● **What to do**: Beginning with the first line of the data below, extract each line up to and including the one containing "TMRelieve® Legrenew Varicose Veins Patch". Copy them exactly and add nothing.

Source data:
____________
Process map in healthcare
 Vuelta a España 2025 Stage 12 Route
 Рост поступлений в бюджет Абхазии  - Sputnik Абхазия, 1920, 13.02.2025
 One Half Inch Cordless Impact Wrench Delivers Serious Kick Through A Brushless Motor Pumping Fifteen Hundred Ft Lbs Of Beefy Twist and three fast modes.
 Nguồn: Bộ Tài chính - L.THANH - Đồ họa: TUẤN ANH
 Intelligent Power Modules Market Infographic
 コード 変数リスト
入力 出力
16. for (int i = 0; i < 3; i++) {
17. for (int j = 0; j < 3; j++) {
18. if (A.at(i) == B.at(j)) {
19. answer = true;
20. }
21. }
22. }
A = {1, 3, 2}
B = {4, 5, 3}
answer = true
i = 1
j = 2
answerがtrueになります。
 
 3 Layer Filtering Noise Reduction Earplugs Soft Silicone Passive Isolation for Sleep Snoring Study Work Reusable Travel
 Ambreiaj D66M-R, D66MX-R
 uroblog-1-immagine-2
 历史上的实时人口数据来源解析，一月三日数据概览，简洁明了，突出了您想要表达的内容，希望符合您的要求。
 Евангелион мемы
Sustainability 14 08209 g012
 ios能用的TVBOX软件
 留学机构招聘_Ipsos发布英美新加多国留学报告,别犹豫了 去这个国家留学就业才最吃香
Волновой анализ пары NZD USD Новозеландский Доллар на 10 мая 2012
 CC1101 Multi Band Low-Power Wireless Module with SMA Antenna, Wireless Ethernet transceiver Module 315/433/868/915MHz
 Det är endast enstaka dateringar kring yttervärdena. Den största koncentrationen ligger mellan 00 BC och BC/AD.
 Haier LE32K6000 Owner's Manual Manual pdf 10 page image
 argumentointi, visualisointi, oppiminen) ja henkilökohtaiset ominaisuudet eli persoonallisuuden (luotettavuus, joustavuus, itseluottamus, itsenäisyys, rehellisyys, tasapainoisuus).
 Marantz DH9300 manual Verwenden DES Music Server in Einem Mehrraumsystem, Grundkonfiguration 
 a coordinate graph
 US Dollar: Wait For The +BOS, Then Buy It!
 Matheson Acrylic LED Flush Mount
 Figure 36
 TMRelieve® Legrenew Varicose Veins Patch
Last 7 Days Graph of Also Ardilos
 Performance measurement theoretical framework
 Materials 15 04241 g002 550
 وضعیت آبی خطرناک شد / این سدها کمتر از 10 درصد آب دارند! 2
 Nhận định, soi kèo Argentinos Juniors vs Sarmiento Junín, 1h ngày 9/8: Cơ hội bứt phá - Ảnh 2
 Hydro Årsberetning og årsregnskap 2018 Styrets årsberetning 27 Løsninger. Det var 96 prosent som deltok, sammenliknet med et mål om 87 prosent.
____________
● **Response below**:
Process map in healthcare
 Vuelta a España 2025 Stage 12 Route
 Рост поступлений в бюджет Абхазии  - Sputnik Абхазия, 1920, 13.02.2025
 One Half Inch Cordless Impact Wrench Delivers Serious Kick Through A Brushless Motor Pumping Fifteen Hundred Ft Lbs Of Beefy Twist and three fast modes.
 Nguồn: Bộ Tài chính - L.THANH - Đồ họa: TUẤN ANH
 Intelligent Power Modules Market Infographic
 コード 変数リスト
入力 出力
16. for (int i = 0; i < 3; i++) {
17. for (int j = 0; j < 3; j++) {
18. if (A.at(i) == B.at(j)) {
19. answer = true;
20. }
21. }
22. }
A = {1, 3, 2}
B = {4, 5, 3}
answer = true
i = 1
j = 2
answerがtrueになります。
 
 3 Layer Filtering Noise Reduction Earplugs Soft Silicone Passive Isolation for Sleep Snoring Study Work Reusable Travel
 Ambreiaj D66M-R, D66MX-R
 uroblog-1-immagine-2
 历史上的实时人口数据来源解析，一月三日数据概览，简洁明了，突出了您想要表达的内容，希望符合您的要求。
 Евангелион мемы
Sustainability 14 08209 g012
 ios能用的TVBOX软件
 留学机构招聘_Ipsos发布英美新加多国留学报告,别犹豫了 去这个国家留学就业才最吃香
Волновой анализ пары NZD USD Новозеландский Доллар на 10 мая 2012
 CC1101 Multi Band Low-Power Wireless Module with SMA Antenna, Wireless Ethernet transceiver Module 315/433/868/915MHz
 Det är endast enstaka dateringar kring yttervärdena. Den största koncentrationen ligger mellan 00 BC och BC/AD.
 Haier LE32K6000 Owner's Manual Manual pdf 10 page image
 argumentointi, visualisointi, oppiminen) ja henkilökohtaiset ominaisuudet eli persoonallisuuden (luotettavuus, joustavuus, itseluottamus, itsenäisyys, rehellisyys, tasapainoisuus).
 Marantz DH9300 manual Verwenden DES Music Server in Einem Mehrraumsystem, Grundkonfiguration 
 a coordinate graph
 US Dollar: Wait For The +BOS, Then Buy It!
 Matheson Acrylic LED Flush Mount
 Figure 36
 TMRelieve® Legrenew Varicose Veins Patch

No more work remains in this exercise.